WORK TO COMPLETE:
What do the entries below say? Restate them word for word.

───── STUDY MATERIAL ─────

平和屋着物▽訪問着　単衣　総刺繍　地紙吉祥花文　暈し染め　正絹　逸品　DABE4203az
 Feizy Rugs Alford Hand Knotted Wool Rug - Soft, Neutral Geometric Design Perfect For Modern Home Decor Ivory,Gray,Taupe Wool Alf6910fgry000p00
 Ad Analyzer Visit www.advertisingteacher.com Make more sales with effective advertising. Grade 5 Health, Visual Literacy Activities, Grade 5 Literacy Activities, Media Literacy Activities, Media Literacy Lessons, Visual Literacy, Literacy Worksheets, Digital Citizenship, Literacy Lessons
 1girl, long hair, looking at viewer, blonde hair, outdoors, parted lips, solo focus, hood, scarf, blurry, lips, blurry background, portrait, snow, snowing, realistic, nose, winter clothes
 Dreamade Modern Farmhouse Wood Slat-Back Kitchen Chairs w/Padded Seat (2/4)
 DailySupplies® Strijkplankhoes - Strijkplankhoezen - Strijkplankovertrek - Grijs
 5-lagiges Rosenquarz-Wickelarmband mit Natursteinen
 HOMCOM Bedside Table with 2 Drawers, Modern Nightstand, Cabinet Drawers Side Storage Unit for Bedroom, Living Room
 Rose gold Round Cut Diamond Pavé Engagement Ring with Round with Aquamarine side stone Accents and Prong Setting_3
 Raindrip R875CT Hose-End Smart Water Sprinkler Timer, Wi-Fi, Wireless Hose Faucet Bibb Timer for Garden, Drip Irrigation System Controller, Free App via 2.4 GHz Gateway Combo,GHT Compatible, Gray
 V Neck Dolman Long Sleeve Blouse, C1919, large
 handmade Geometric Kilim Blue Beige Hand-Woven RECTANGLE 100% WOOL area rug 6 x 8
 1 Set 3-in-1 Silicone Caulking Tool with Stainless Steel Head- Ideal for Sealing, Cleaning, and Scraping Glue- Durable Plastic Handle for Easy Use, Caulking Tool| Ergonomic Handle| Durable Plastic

─────

ANSWER SPACE:
平和屋着物▽訪問着　単衣　総刺繍　地紙吉祥花文　暈し染め　正絹　逸品　DABE4203az
 Feizy Rugs Alford Hand Knotted Wool Rug - Soft, Neutral Geometric Design Perfect For Modern Home Decor Ivory,Gray,Taupe Wool Alf6910fgry000p00
 Ad Analyzer Visit www.advertisingteacher.com Make more sales with effective advertising. Grade 5 Health, Visual Literacy Activities, Grade 5 Literacy Activities, Media Literacy Activities, Media Literacy Lessons, Visual Literacy, Literacy Worksheets, Digital Citizenship, Literacy Lessons
 1girl, long hair, looking at viewer, blonde hair, outdoors, parted lips, solo focus, hood, scarf, blurry, lips, blurry background, portrait, snow, snowing, realistic, nose, winter clothes
 Dreamade Modern Farmhouse Wood Slat-Back Kitchen Chairs w/Padded Seat (2/4)
 DailySupplies® Strijkplankhoes - Strijkplankhoezen - Strijkplankovertrek - Grijs
 5-lagiges Rosenquarz-Wickelarmband mit Natursteinen
 HOMCOM Bedside Table with 2 Drawers, Modern Nightstand, Cabinet Drawers Side Storage Unit for Bedroom, Living Room
 Rose gold Round Cut Diamond Pavé Engagement Ring with Round with Aquamarine side stone Accents and Prong Setting_3
 Raindrip R875CT Hose-End Smart Water Sprinkler Timer, Wi-Fi, Wireless Hose Faucet Bibb Timer for Garden, Drip Irrigation System Controller, Free App via 2.4 GHz Gateway Combo,GHT Compatible, Gray
 V Neck Dolman Long Sleeve Blouse, C1919, large
 handmade Geometric Kilim Blue Beige Hand-Woven RECTANGLE 100% WOOL area rug 6 x 8
 1 Set 3-in-1 Silicone Caulking Tool with Stainless Steel Head- Ideal for Sealing, Cleaning, and Scraping Glue- Durable Plastic Handle for Easy Use, Caulking Tool| Ergonomic Handle| Durable Plastic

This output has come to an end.